WHAT YOU SHOULD DO: The entries are given below. Output each one unchanged.

Dataset records:
..............................
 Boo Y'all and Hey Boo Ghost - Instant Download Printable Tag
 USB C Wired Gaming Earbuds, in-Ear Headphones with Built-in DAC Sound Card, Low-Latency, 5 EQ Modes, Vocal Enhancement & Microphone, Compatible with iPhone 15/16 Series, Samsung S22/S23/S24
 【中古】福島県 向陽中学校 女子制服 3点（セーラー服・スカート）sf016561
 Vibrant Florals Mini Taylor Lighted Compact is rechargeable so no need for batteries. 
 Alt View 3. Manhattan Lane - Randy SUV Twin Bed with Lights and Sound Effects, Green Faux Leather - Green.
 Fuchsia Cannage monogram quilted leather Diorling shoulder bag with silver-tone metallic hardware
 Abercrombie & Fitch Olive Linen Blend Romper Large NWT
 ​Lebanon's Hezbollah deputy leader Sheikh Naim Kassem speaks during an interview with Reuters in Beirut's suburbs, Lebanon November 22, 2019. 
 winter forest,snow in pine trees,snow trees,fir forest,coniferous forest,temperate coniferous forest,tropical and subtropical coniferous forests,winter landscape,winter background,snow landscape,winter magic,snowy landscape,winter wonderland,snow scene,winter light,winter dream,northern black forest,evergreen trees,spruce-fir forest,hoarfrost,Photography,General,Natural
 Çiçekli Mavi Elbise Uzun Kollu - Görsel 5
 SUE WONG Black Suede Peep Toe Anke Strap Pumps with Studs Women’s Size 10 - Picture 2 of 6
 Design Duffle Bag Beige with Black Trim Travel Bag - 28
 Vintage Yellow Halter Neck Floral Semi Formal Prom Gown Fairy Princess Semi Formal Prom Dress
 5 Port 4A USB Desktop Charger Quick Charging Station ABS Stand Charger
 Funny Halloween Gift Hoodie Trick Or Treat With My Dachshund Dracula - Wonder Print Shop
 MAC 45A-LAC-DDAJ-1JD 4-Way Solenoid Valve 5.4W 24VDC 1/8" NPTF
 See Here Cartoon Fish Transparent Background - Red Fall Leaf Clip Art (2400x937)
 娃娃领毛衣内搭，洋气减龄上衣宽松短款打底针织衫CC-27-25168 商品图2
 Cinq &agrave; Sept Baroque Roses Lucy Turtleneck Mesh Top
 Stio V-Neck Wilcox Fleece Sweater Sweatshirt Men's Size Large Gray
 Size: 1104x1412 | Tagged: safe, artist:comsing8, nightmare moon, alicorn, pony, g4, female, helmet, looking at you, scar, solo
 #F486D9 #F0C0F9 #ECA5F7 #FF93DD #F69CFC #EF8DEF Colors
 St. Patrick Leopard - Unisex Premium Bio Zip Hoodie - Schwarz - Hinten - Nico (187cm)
..............................
TASK ANSWER:
 Boo Y'all and Hey Boo Ghost - Instant Download Printable Tag
 USB C Wired Gaming Earbuds, in-Ear Headphones with Built-in DAC Sound Card, Low-Latency, 5 EQ Modes, Vocal Enhancement & Microphone, Compatible with iPhone 15/16 Series, Samsung S22/S23/S24
 【中古】福島県 向陽中学校 女子制服 3点（セーラー服・スカート）sf016561
 Vibrant Florals Mini Taylor Lighted Compact is rechargeable so no need for batteries. 
 Alt View 3. Manhattan Lane - Randy SUV Twin Bed with Lights and Sound Effects, Green Faux Leather - Green.
 Fuchsia Cannage monogram quilted leather Diorling shoulder bag with silver-tone metallic hardware
 Abercrombie & Fitch Olive Linen Blend Romper Large NWT
 ​Lebanon's Hezbollah deputy leader Sheikh Naim Kassem speaks during an interview with Reuters in Beirut's suburbs, Lebanon November 22, 2019. 
 winter forest,snow in pine trees,snow trees,fir forest,coniferous forest,temperate coniferous forest,tropical and subtropical coniferous forests,winter landscape,winter background,snow landscape,winter magic,snowy landscape,winter wonderland,snow scene,winter light,winter dream,northern black forest,evergreen trees,spruce-fir forest,hoarfrost,Photography,General,Natural
 Çiçekli Mavi Elbise Uzun Kollu - Görsel 5
 SUE WONG Black Suede Peep Toe Anke Strap Pumps with Studs Women’s Size 10 - Picture 2 of 6
 Design Duffle Bag Beige with Black Trim Travel Bag - 28
 Vintage Yellow Halter Neck Floral Semi Formal Prom Gown Fairy Princess Semi Formal Prom Dress
 5 Port 4A USB Desktop Charger Quick Charging Station ABS Stand Charger
 Funny Halloween Gift Hoodie Trick Or Treat With My Dachshund Dracula - Wonder Print Shop
 MAC 45A-LAC-DDAJ-1JD 4-Way Solenoid Valve 5.4W 24VDC 1/8" NPTF
 See Here Cartoon Fish Transparent Background - Red Fall Leaf Clip Art (2400x937)
 娃娃领毛衣内搭，洋气减龄上衣宽松短款打底针织衫CC-27-25168 商品图2
 Cinq &agrave; Sept Baroque Roses Lucy Turtleneck Mesh Top
 Stio V-Neck Wilcox Fleece Sweater Sweatshirt Men's Size Large Gray
 Size: 1104x1412 | Tagged: safe, artist:comsing8, nightmare moon, alicorn, pony, g4, female, helmet, looking at you, scar, solo
 #F486D9 #F0C0F9 #ECA5F7 #FF93DD #F69CFC #EF8DEF Colors
 St. Patrick Leopard - Unisex Premium Bio Zip Hoodie - Schwarz - Hinten - Nico (187cm)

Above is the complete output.